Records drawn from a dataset
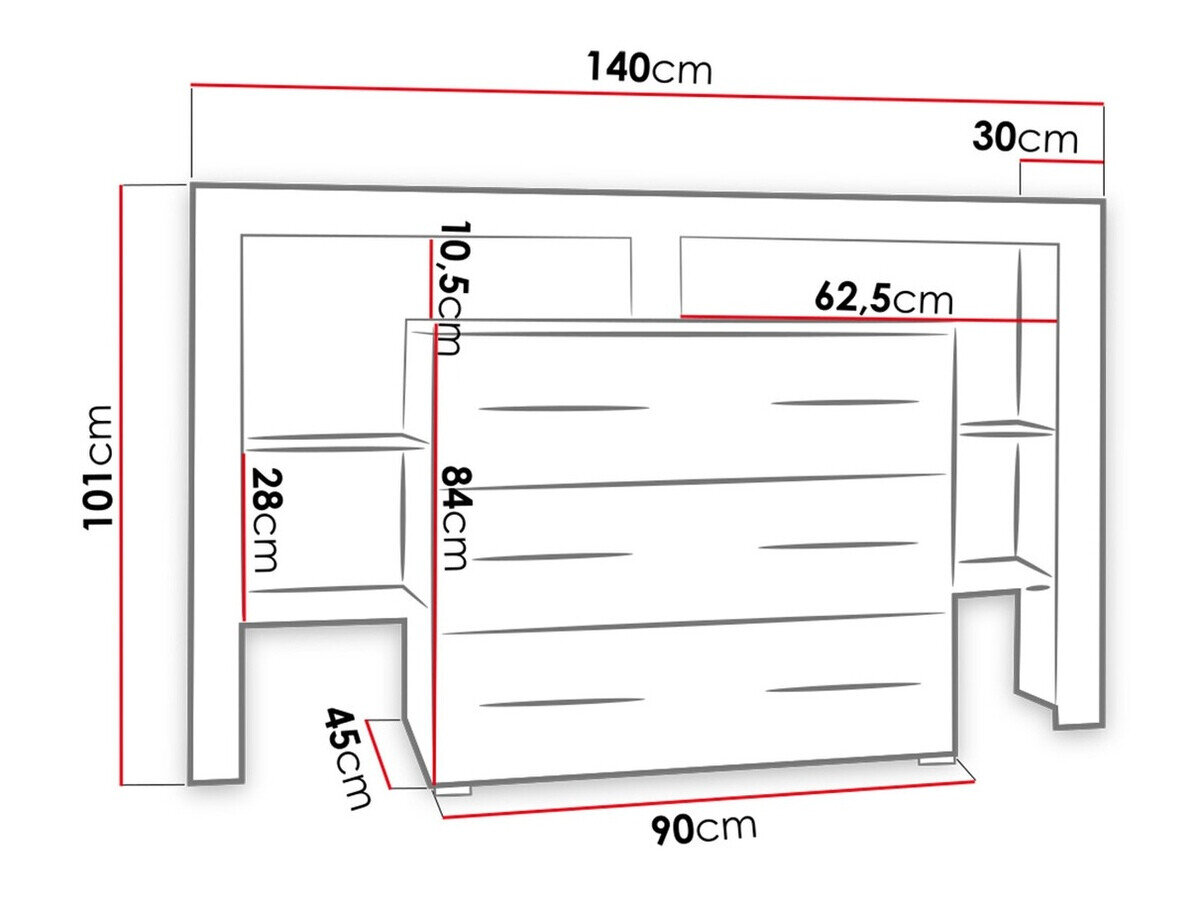 Kommode Aestas I (Hvid + Glansfuld hvid)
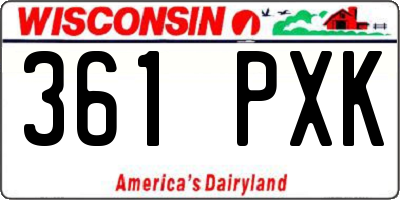 WI license plate 361PXK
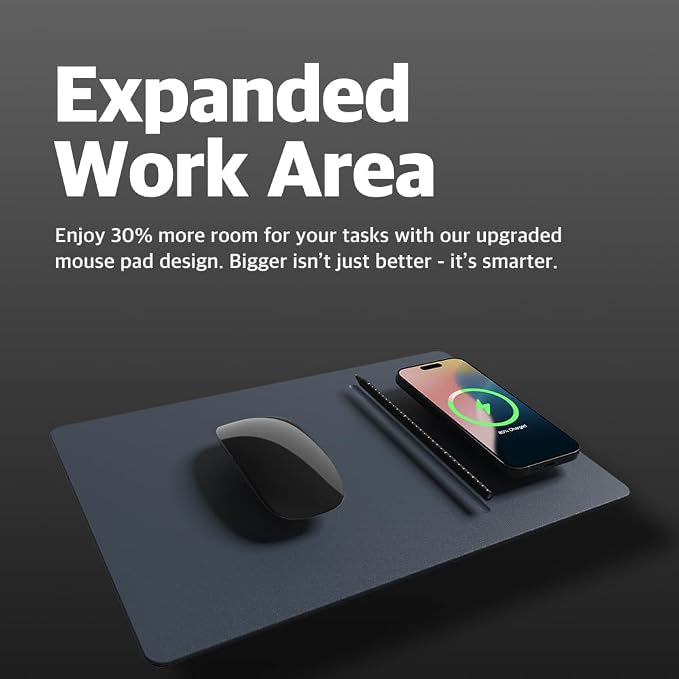 POUT H3 PRO Wireless Charging Mouse Pad – Qi-Enabled Fast Charger with Anti-Slip Base & Smooth Surface for Phones and Earbuds – Sleek Desk Accessory for Home & Office (Midnight Blue)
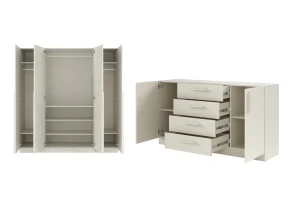 BRISSO A slaapkamer-set met 4-deurs kledingkast BR1 en commode BRK1 kinder meubels 24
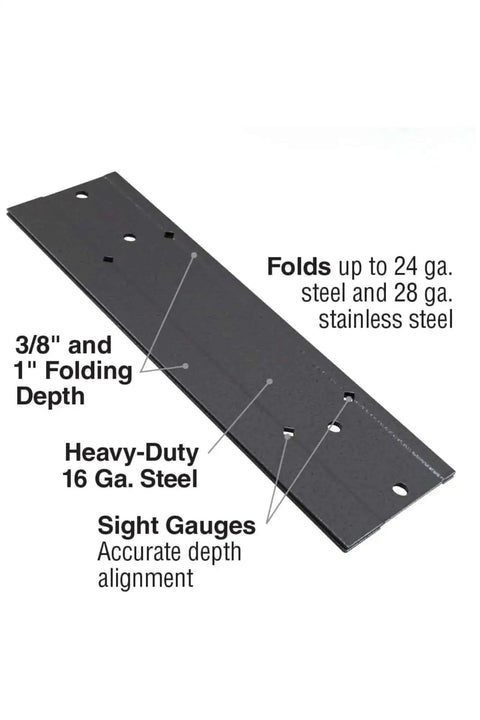 Image of Heavy Duty 24 Inch Sheet Metal Folding Tool With Dual Depths Three Eighths Inch And One Inch, showing sight gauges and steel material.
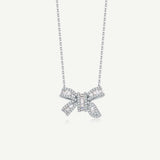 FANCIME "Poupée Miel" Collier en Argent Sterling avec Nœud et Pierre CZ Blanche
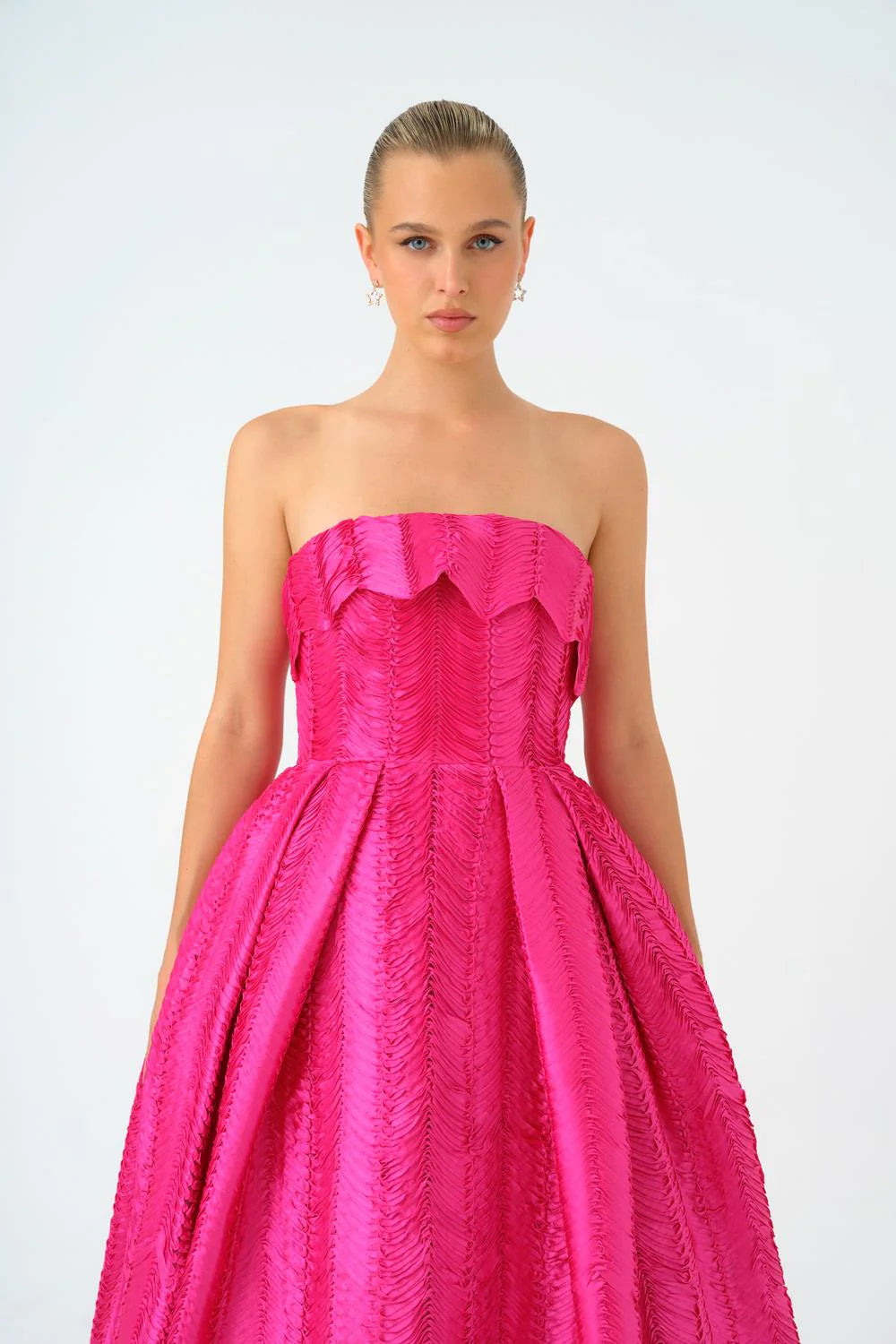 STRAPLEZ YAKA PRENSES KESİM UZUN ABİYE ELBİSE - 9050C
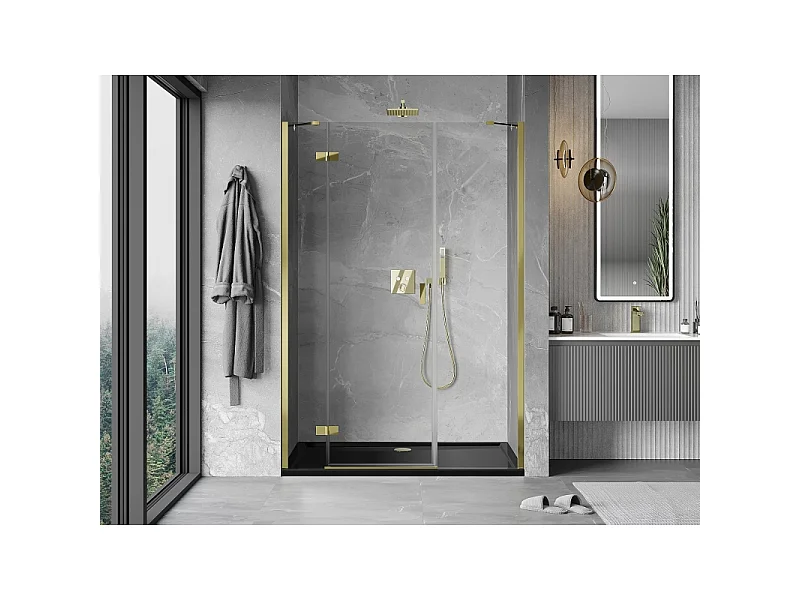 Mexen Mist-H drzwi prysznicowe uchylne lewe 130 cm, transparent, złote - 8A5-130-001-50-00-L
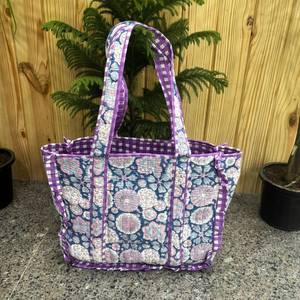 กระเป๋าผ้าฝ้ายสไตล์ชัยปุระ กระเป๋าช้อปปิ้ง/กระเป๋าสะพายไหล่ กระเป๋าเย็บลายตาราง สำหรับผู้หญิง กระเป๋าเดินทาง กระเป๋าถือสุดสัปดาห์ กระเป๋าถือทำมือ - Product Image 1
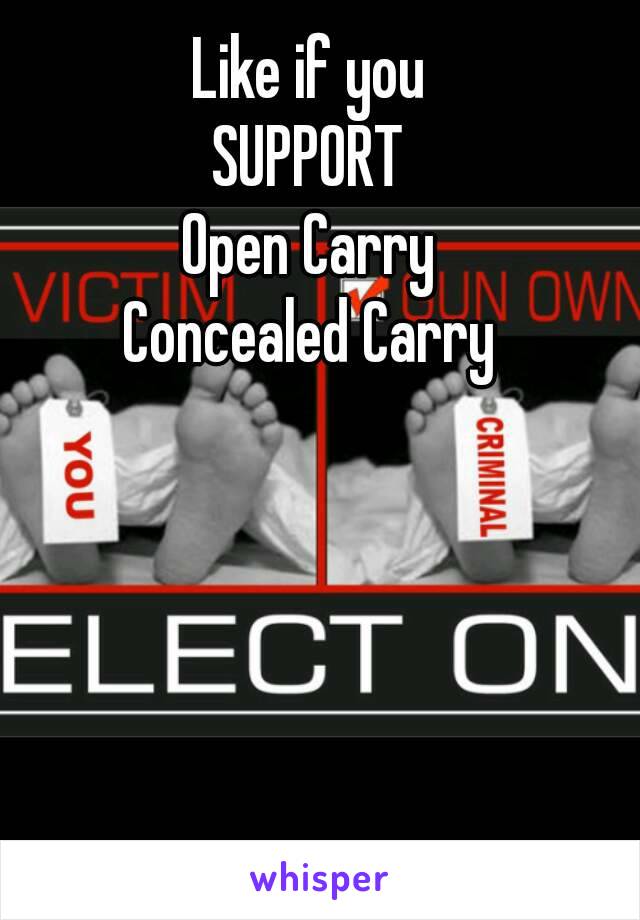 Like if you
SUPPORT
Open Carry
Concealed Carry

Task details => Your answer must be an exact copy of the lines from the one with "Pierre CZ Blanche" through the final line of the data, both included, without any pictures.

Answer section =>
 FANCIME "Poupée Miel" Collier en Argent Sterling avec Nœud et Pierre CZ Blanche
 STRAPLEZ YAKA PRENSES KESİM UZUN ABİYE ELBİSE - 9050C
 Mexen Mist-H drzwi prysznicowe uchylne lewe 130 cm, transparent, złote - 8A5-130-001-50-00-L
 กระเป๋าผ้าฝ้ายสไตล์ชัยปุระ กระเป๋าช้อปปิ้ง/กระเป๋าสะพายไหล่ กระเป๋าเย็บลายตาราง สำหรับผู้หญิง กระเป๋าเดินทาง กระเป๋าถือสุดสัปดาห์ กระเป๋าถือทำมือ - Product Image 1
 Like if you
SUPPORT
Open Carry
Concealed Carry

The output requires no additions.